There is some conflict of testimony relative to the fact of delivery of the bill of sale to Duncan. If made at all it must have been only provisional. It was not such a delivery as was contemplated and directed in the confirmatory order. It was to be made by the receiver simultaneously with the payment to him of the price which he was to hold for further order of the court. Such delivery only was authorized or could have any legal effect to pass the title. This 419 conclusion would negative a complete sale; and a mere executory contract or inchoate sale resulting from the auction and the deposit of money by the bidder would not make the policy void under the forfeiture clause. The effect of the decree of the court vacating and rescinding the order of sale may be briefly considered. In Woodard v. Bullard, 27 N. J. Eq. 508, the court say: "The right of the court of chancery to set aside sales made by its officers and restrain the delivery of the deeds to purchasers cannot be doubted upon the proper case made": Campbell v. Gardner, 11 N. J. Eq. 423, 69 Am. Dec. 598. In Collier v. Whipple, 13 Wend. 224, where the deed had been delivered by the receiver to the purchaser the order of the chancellor for a resale, on appeal to the court of errors, was affirmed. Mr. Justice Nelson, in delivering the opinion of the court, said: "As to the deed it was taken subject to the jurisdiction of the chancellor over the sale."

The decree of annulment was based upon the finding as matter of fact, that the sale of Duncan had not been completed, that the title did not vest in him; and upon that ground the money paid by him at the time of making his bid was ordered returned to him. This certainly would determine the status of the title between the parties to the sale, and we think the validity of the decree cannot be impeached collaterally by the insurance company in this case: Brande v. Bond, 63 Wis. 140, 23 N. W. 101; Libby v. Rosekrans, 55 Barb. 202.

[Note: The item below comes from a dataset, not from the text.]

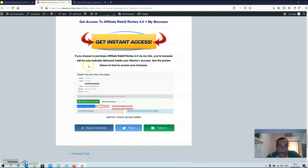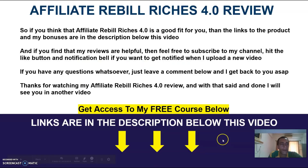If you choose to purchase Affiliate Rebill Riches via my link, your bonuses will be automatically delivered inside your Warrior Plus account. The only thing you have to do to access your bonuses is click on the blue access affiliate bonus button located inside your Warrior Plus account. So if you think that Affiliate Rebill Riches 4.0 is a good fit for you, the links to the product and my bonuses are in the description below this video. If you find my reviews helpful, feel free to subscribe to my channel, hit the like button and notification bell to get notified when I upload a new video. If you have any questions, just leave a comment below and I'll get back to you as soon as possible. Thanks for watching my Affiliate Rebill Riches 4.0 review, and I will see you in another video.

The plaintiff is entitled to recover the proportion of the loss sustained which the sum insured by the policy in suit, one thousand dollars, bears to the whole amount insured therein, fifteen thousand dollars. The evidence shows that the loss exceeded the whole amount insured.

Judgment for plaintiff for one thousand dollars and interest thereon from February 11, 1902.

An Insurance policy is not avoided by a sale of the property not fully consummated: Magoun v. Firemen's Fund Ins. Co.. 86 Minn. 486, 91 Am. St. Rep. 370; Hanover etc. Ins. Co. v. Brown, 77 Md. 64,

39 Am. St. Rep. 386. When the statute gives the debtor time for redemption, and permits him to remain in possession during that time, a sale of property at execution does not avoid the insurance thereon: Wood v. American etc. Ins. Co., 149 N. Y. 382, 52 Am. St. Rep. 733.

LANG v. MERWIN.

[99 Me. 486, 59 Atl. 1021.]

GAMBLING, What is.-It is not essential to gambling, under the statutes of Maine, that both parties shall stand to lose by the chance. It is enough that one of them stands to lose or win by chance. (p. 295.)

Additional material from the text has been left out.